1987 yılında Mardin’den İstanbul’a gelen Seyfettin Usta, birkaç yıl sektör dışında işler yaptıktan sonra seyyar bir araçla sandviç işine giriyor. Yazın sıcağına, kışın soğuğuna aldırış etmeden, seyyar arabasıyla geceleri sabahın ilk ışıklarına kadar Kadıköy’de soğuk sandviç hazırlayıp satan Usta, neredeyse çeyrek asır bu işi yapıyor ve Asker Abi namıyla ünlenerek 12 şubeli bir zincir haline geliyor. Uzun zamandır bazı programlarda karşılaşıyorduk kendisiyle ve hep davet ediyordu Seyfettin Bey, ama bir türlü gitmek nasip olmamıştı. Geçen hafta bir vesileyle Kadıköy’de olduğum bir gün aradım ve gittim o meşhur sandviçleri sattığı lezzet noktasına.
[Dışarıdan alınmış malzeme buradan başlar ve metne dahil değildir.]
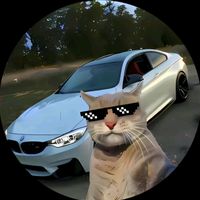 veanmisvideosxd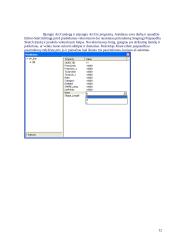 Subtipų ir domenų kūrimas 12 puslapis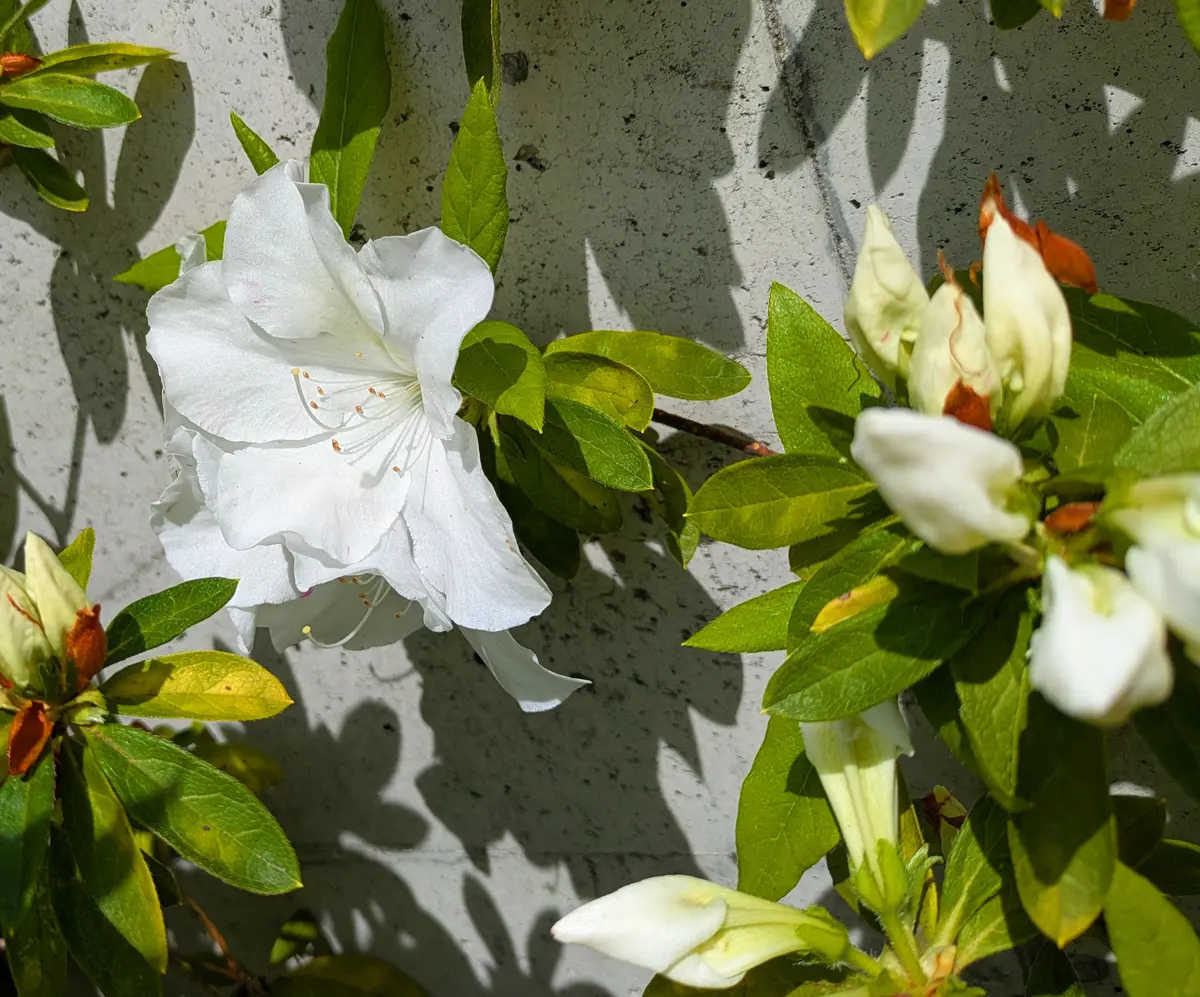 ツツジの開花〔写真2枚目〕-jictenkoさんの日記｜みんなの趣味の園芸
Çok doğal ve samimi bir ortamda lezzetli sandviçleri yiyenlerin mutluluğu yüzlerinden okunuyordu sanki. Ben de yarım bir sandviç yedim ve lezzetini beklentimin çok üzerinde buldum.   

Türkiye’de bir ilk “Tatlı Sandviç”

Tatlı sandviçin ilk kez bu tezgâhta keşfedildiğini bilmiyorsunuzdur sanırım. Seyfettin Bey, “O dönem birçok kişi ve hemşerim tuzlu sandviç, pilav vs. yapıp seyyar olarak satıyordu. Ben de bu işe girdim, ancak farklı bir şey yapmam gerekiyordu. O dönem pek çok kimsenin bilmediği, içinde birçok tatlı ürün kullandığım bir sandviç yaptım ve çok tuttu” diyerek bol çeşit, kaliteli malzeme gibi ürünlerin beğenilmesi için 26 yıl boyunca titizlikle çok çalışarak bu mesleği icra ettiğini anlattı. Ürünleri halk tarafından çok sevilince kurumsal bir yapıya kavuşmak için 8 yıl önce de Kadıköy’deki bu sandviç dükkânını açıyor. Anadolu içtenliği ve güler yüzüyle uzun yıllar tezgâhında sunduğu birbirinden leziz ürünleri kurulu düzene taşıyan Asker Abi, lezzet deneyimi sayesinde tabi başarılı da oluyor ve İstanbul’un en uğrak noktalarından biri haline geliyor. Ardından lezzetleri tüm Türkiye’ye yayılıyor, İstanbul içi ve yurt geneli bayilikler vermeye başlıyor. Soğuk sandviçlerin yanına kahvaltı ürünleri, sıcak sandviçler ve ızgara çeşitlerini de menüsüne ekleyen Usta, herkesin damak tadına ve tercihine uygun lezzetler sunarak hizmetine devam ediyor.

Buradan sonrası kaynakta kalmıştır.